→ **Data extract**
....

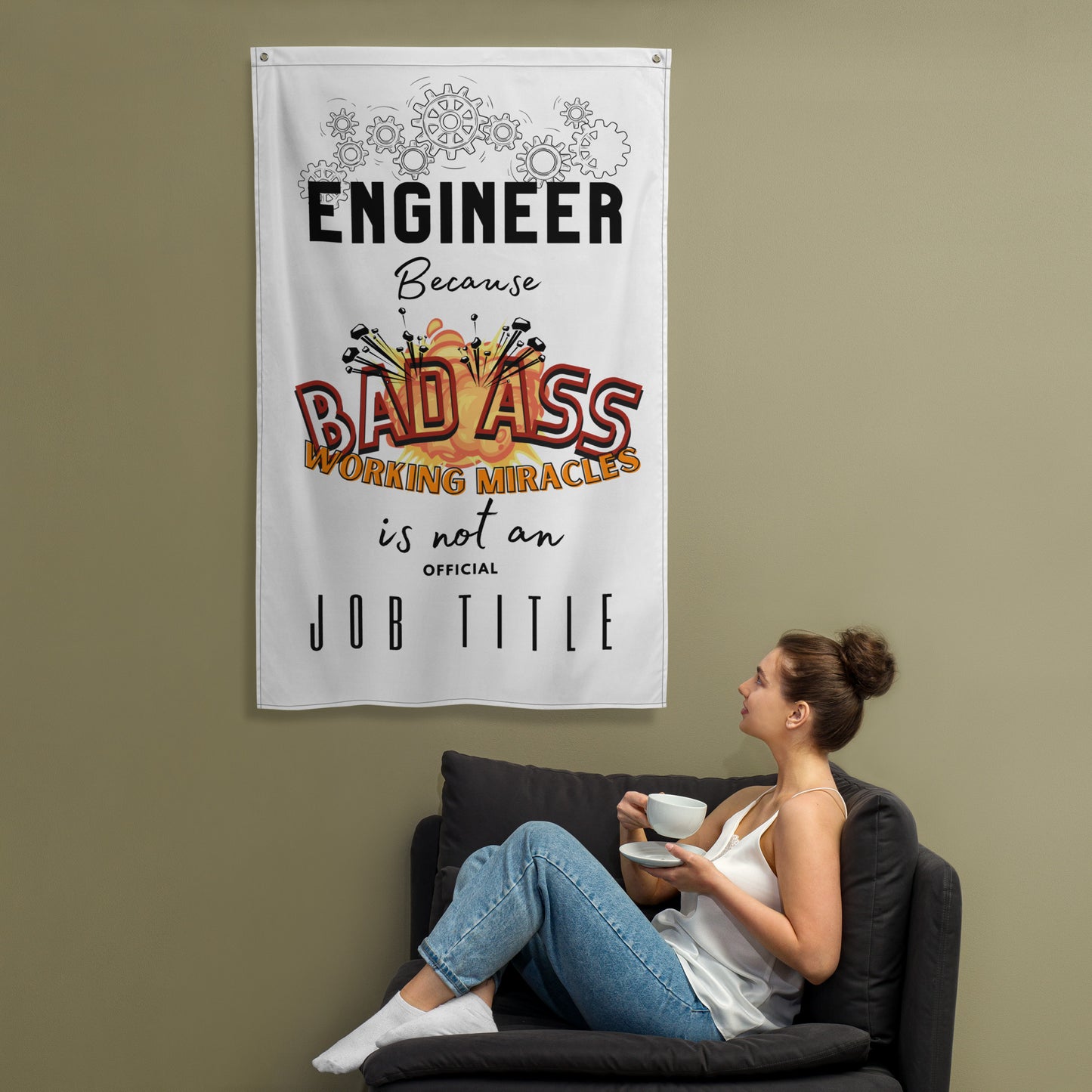 Fathers day, Dad, Engineering Bad Ass Wall Art Flag.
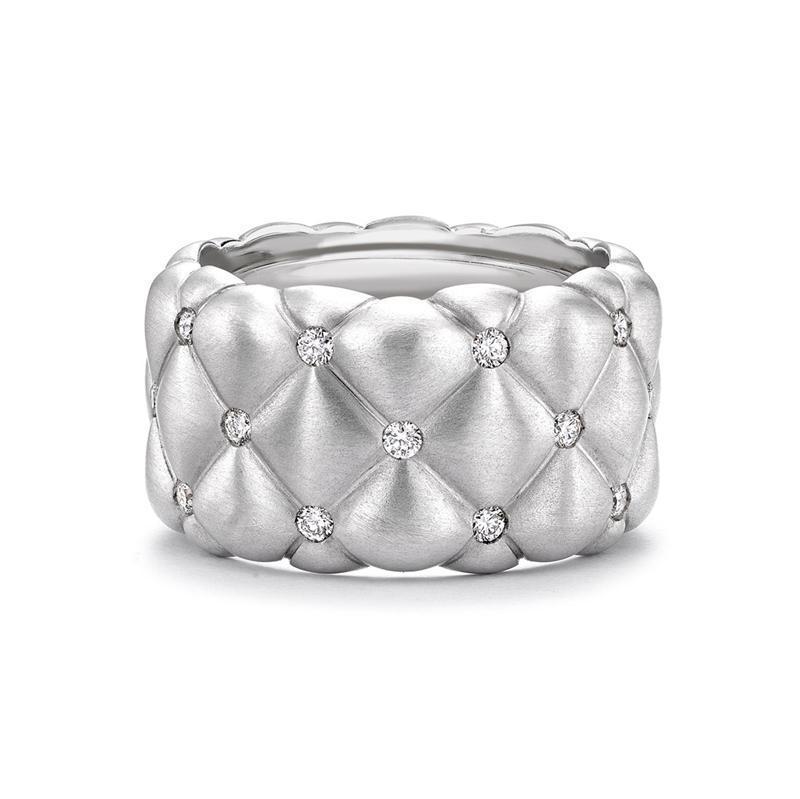 Faberge Treillage 18ct White Gold Diamond Wide Ring - 55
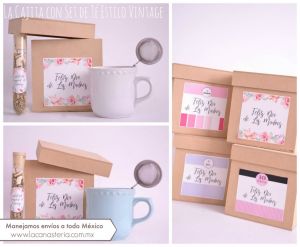 Cálida caja de regalo con kit de té con toques vintage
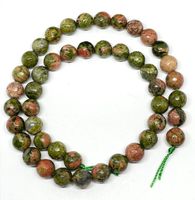 Natürliche Unakit-Jaspis Perlen facettiert - 8mm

....

→ **Required work**
What you give back must match the material above exactly, minus its pictures.

→ **Solution to this task**
 Fathers day, Dad, Engineering Bad Ass Wall Art Flag.
 Faberge Treillage 18ct White Gold Diamond Wide Ring - 55
 Cálida caja de regalo con kit de té con toques vintage
 Natürliche Unakit-Jaspis Perlen facettiert - 8mm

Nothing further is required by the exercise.